An initial step towards an in-depth understanding of product appraisals was taken by identifying various levels of motives involved in the motive consistency component. Three main motive levels can be involved in a motive consistency appraisal in human-product interactions: general motives, contextualized motives and interaction goals. The overall motive structure may be represented by a hierarchical model, as proposed by Ortony et al. (1988). In this hierarchy, attainment of a lower level goal or motive marks progress towards a higher level motive. For instance, to be successful in working life (general goal) one must be in the office on time (contextualized condition), in a proper condition (contextualized goal), and one should fulfill her responsibilities on time (contextualized goal). Furthermore, to reach a contextualized goal, one has to interact with various products. For instance, on a typical work day morning, in order to be at work on time and in a proper condition, one may need a cup of coffee to get ready for the working day, and this calls for an interaction with a coffee machine. The relationship between these goals is illustrated in Figure 1.

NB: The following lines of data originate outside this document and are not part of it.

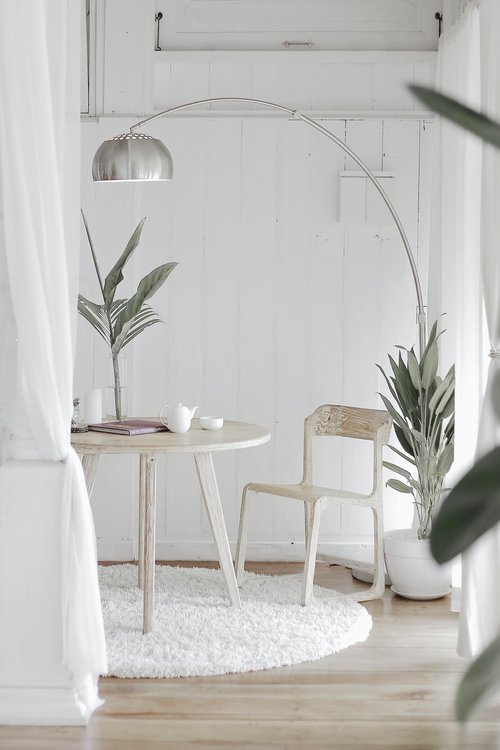 All white room with wooden table and chair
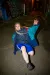 A person with long braids in a blue windbreaker and shorts holds a low floor pose in a graffiti-covered alley at night.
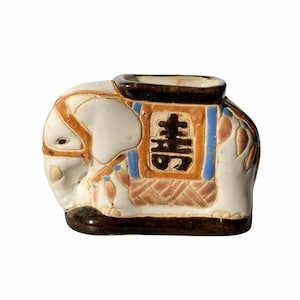 May include: A ceramic elephant figurine in white, brown, orange, and blue. The elephant has a rectangular opening on its back and a decorative pattern with Chinese characters. The figurine is a decorative item.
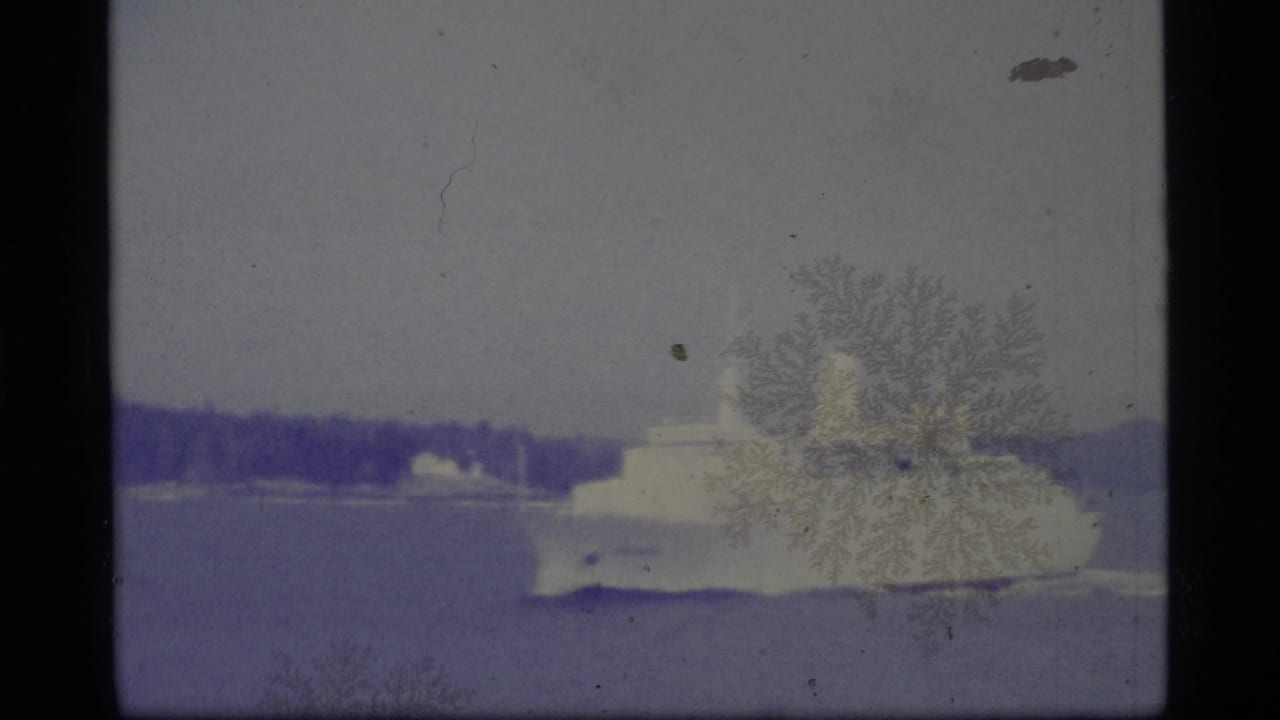 White passenger ship crossing calm water with a distant shoreline and film artifacts.
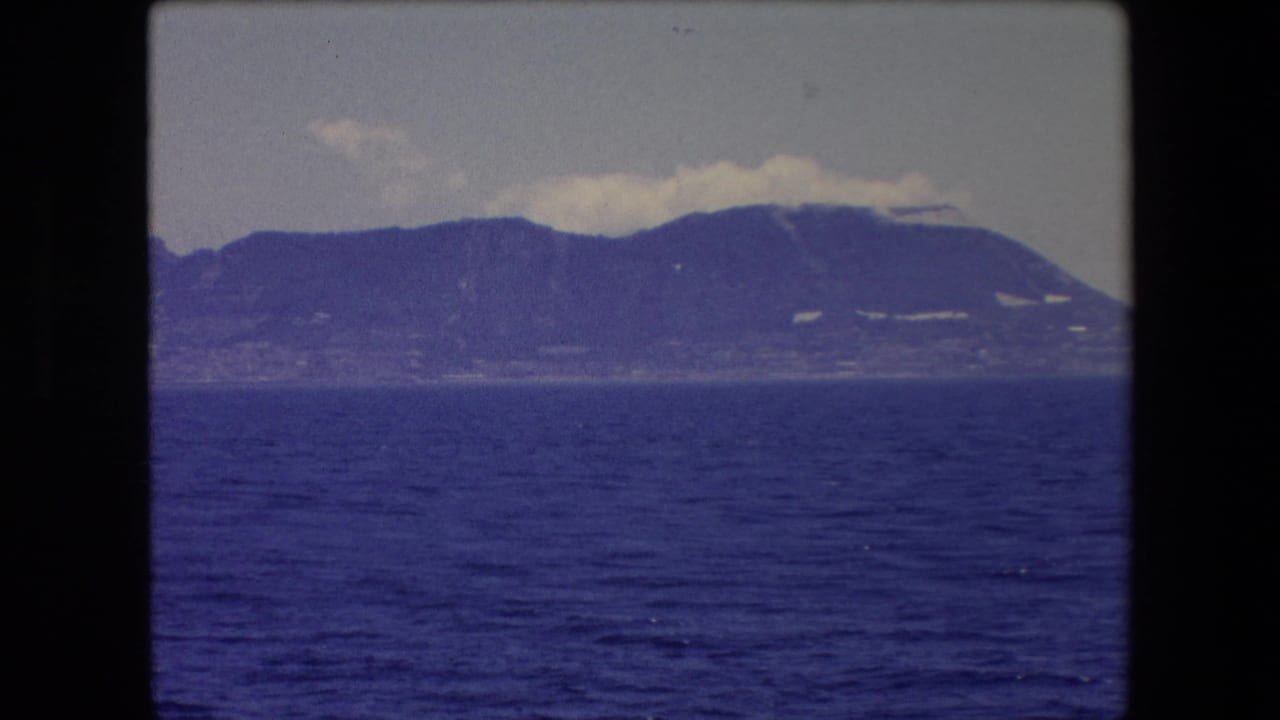 Blue sea and distant mountain coastline under a pale sky within the film frame.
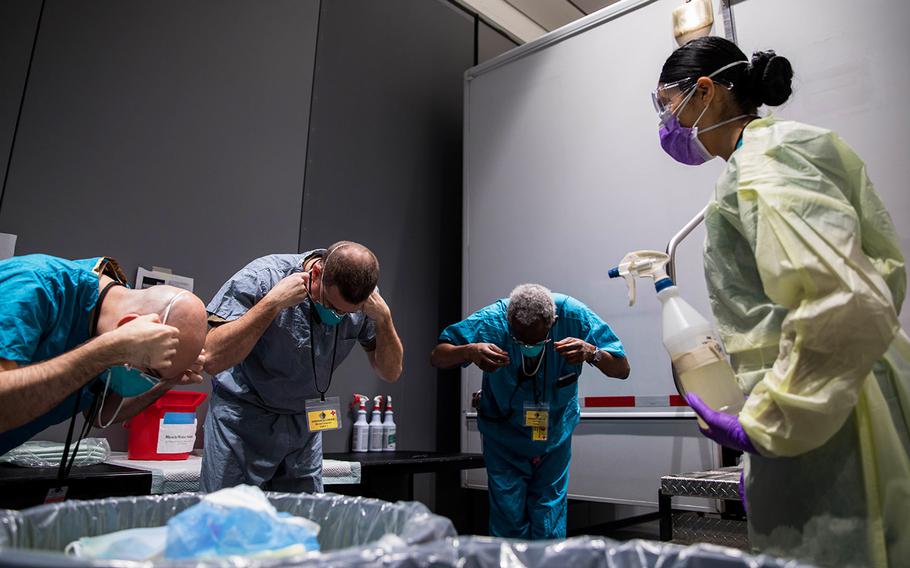 Navy Hospital Corpsman 3rd Class Katie Perez, assigned to Expeditionary Medical Facility Bethesda, Md., leads medical providers in removing their N95 masks in the personal protective equipment doffing station at Javits New York Medical Station, April 13, 2020.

Figure 1. Motive hierarchy in human-product interaction.

In addition to the three above-mentioned motive levels, various motive types were identified—among them, social belonging, personal care, intellectual stimulation, and being independent. Although insightful, this list of motive types is far from exhaustive. Future research focusing on the different types of motives in human-product interaction is needed. A possible approach to this research topic can be to compile types of general human motives from motivational literature (Maslow, 1970; Ford, 1992; Chulef, Read, & Walsh, 2001) and then to investigate how these different types of motives manifest themselves in different contexts (i.e., contextual goals), and how they are translated to specific interaction goals.

A limiting aspect of the study was the method used to identify appraisals. In this study, we could identify only the conscious appraisals. As mentioned briefly in the introduction section, there are three levels of appraisals: (1) direct appraisals, (2) automatic associative appraisals, and (3) conscious reasoning-based appraisals. Only the first two levels, which operate outside consciousness, have causal roles in emotion elicitation; that is to say, an emotion may be experienced without any conscious appraisal of the situation (Kappas, 2006). Therefore, a robust theory of appraisal should address those automatic and direct appraisals. However, given the need for an explorative first step in the domain of appraisals in human-product interactions, only conscious appraisals were investigated in this study. Although this choice can be supported to some extent by views of some theorists (Roseman & Evdokas, 2004) stating that conscious appraisals may accurately reflect automatic and direct appraisals, in order to develop a robust theory of appraisals in human-product interactions, future work should focus on automatic appraisals.

Insights into conscious appraisals patterns that underlie emotions experienced in human-product interaction can be used to reformulate design goals. Specifically, design for emotion can be reformulated in terms of design with the intention to activate or prevent activation of appraisals. For example, designing with the goal to elicit joy is designing for motive consistency and certainty. Designing with the goal to prevent anger is designing to prevent motive inconsistency, standard violation and external agency. Although this can be a first step in formulating a more tangible design goal, it is still abstract. It can be made more concrete if it is possible to specify what sort of motive consistency to evoke or what sort of standard violation to prevent. For this, we have to identify those particular motives, standards, and expectations that are involved in emotional experiences with products. We are currently developing and testing tools, such as online questionnaires, that can be used to identify those particular motives, standards and expectations. With the help of these tools and structured procedures that we aim to develop in the future, support of this perspective on emotional design can be fully actualized.